I'm honestly interested what's going on in their minds (and if they continue to humiliate themselves, then at least more lurkers won't fall for these memes).

This kind of thing is very strong in dynasties.

Pretty much every Chinese dynasty was more or less like this. Hard men create and sustain dynasty, dynasty leads to prosperity, eventually you have some hedonistic Emperors that spend too much time with their harems and let the eunuchs and others rule, decline of the dynasty, a hard men goes to war and gets power, etc

This also happened with the Merovingians, iirc

I don't know much about how Rome was in the 5th century, but in the 5th century, there was nothing they could do.

The Roman empire is a easy tool to invoke in metaphor, most people know that "Many things led to the death of this great empire", but most don't actually know what things, so politicians can spin the political boogey man of the day (lust, lack of nationalism, immigration, decentralization, centralization, homosexuality, etc) into a reason rome fell, Christianity has a tradition of being pretty chaste, and that attitude dominated until rather recently, so a lack of Chastity and christian values is cited as a reason Rome fell.

Lately, the left is trying to blame it on inequality and the right on immigration.

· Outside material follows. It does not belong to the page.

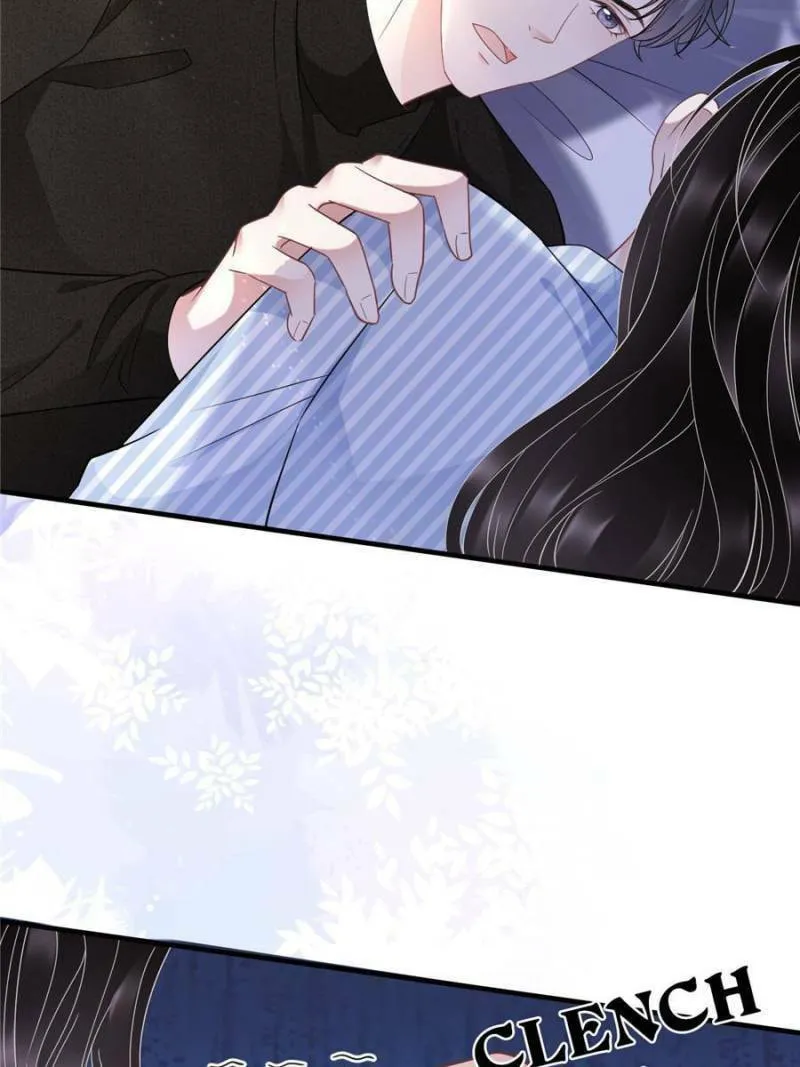 Mademoiselle Will Mess Around Chapter 58 page 23 - 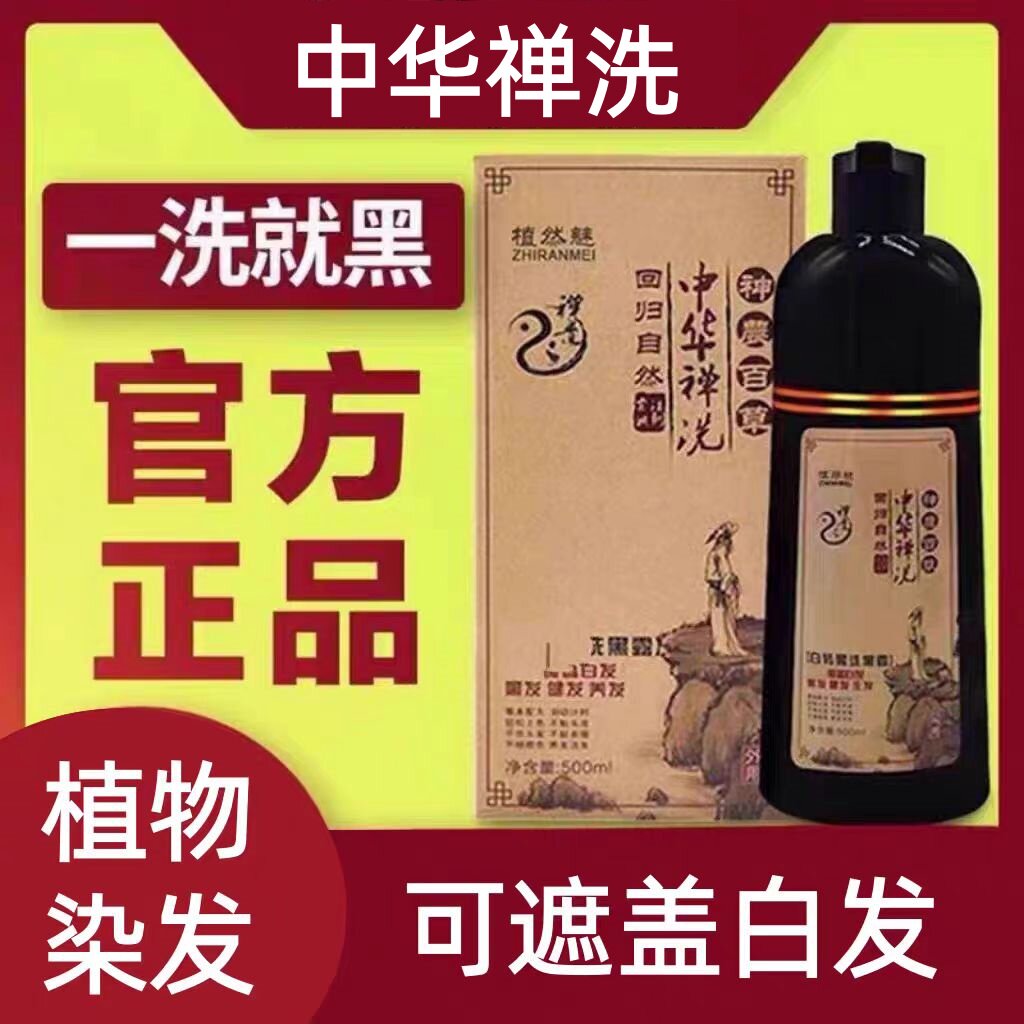 中华禅洗官网正品神洗植然魅植物染发剂一洗黑洗发水染发膏纯天然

>Christianity has a tradition of being pretty chaste, and that attitude dominated until rather recently, so a lack of Chastity and christian values is cited as a reason Rome fell.

I won't go as far as saying that lack of chastity leads to the end of civilization, but the Sexual Revolution had terrible consequences for people.

>more lurkers won't fall for these memes
Except it's not meme.

>So where did the "Rome fell because of degeneracy/sexual immorality/weakness" thing come from?
Edward Gibbon and later on German romantics pushing the meme of stronk, pure German warriors purging decadent Roman civilization.

This place is build by manchild and always full of manchildren, you're one of them ,too.Sorry to break your fluid bubbles.

>in the fifth century Romans were regarded as being extremely chaste, stoic, martial and pious, and reforms in the legal system reflected that.
And why do you think they did that? Just for "muh meme"?

>history is linea-

Edward Gibbon also criticized "Christianity meme" quite hard, but I don't see too many libercucks have problem with that.

They literally don't. They're generic scenes of antiquity.

So you just looked up the guy on wiki and wrote the first thing you saw?

Good boy! But how's that relevant?

Gibbon

>but in the 5th century, there was nothing they could do.
Um try again sweetie

Africa is full of strong men.

Rome fell because it kept getting embroiled in huge internal power struggles instead of periodically raping its neighbors for wealth.

Gb2 reddit with that shit.

That meme is just a shitty paraphrase of the very last paragraph or two of herodotus.

>libercuck's degenerate agenda.
meanwhile herr hitler le strongman destroys europe

>"cultural exhaustion" or "moral decline" unless you want to count a growing disparity of wealth as such
The latter results in the former

>Do you feel like a strong man or a weak man?
Weak aspiring to be strong

>Do you feel these are good times or bad times?
We're at the border between good times and bad times
Present time is much shittier than 30 years ago, but much better off than it'll be 30 years from now

So, did Rome fight to the end then? I thought they just sort of disintegrated in the 5th century

Didn't Herodotus say that?

>So, did Rome fight to the end then?
Basically, yeah.

"Disintegrated" is an exaggeration but there was definitely a breakdown in the social and military order. Large parts of the empire just didn't exist anymore as administered regions.

The army itself was still pretty inarguably the best in Europe. I suppose you could say that Majorian was the last outstanding Western Roman military leader, reconquering most of the western Empire with what must have been quite a meager force numerically.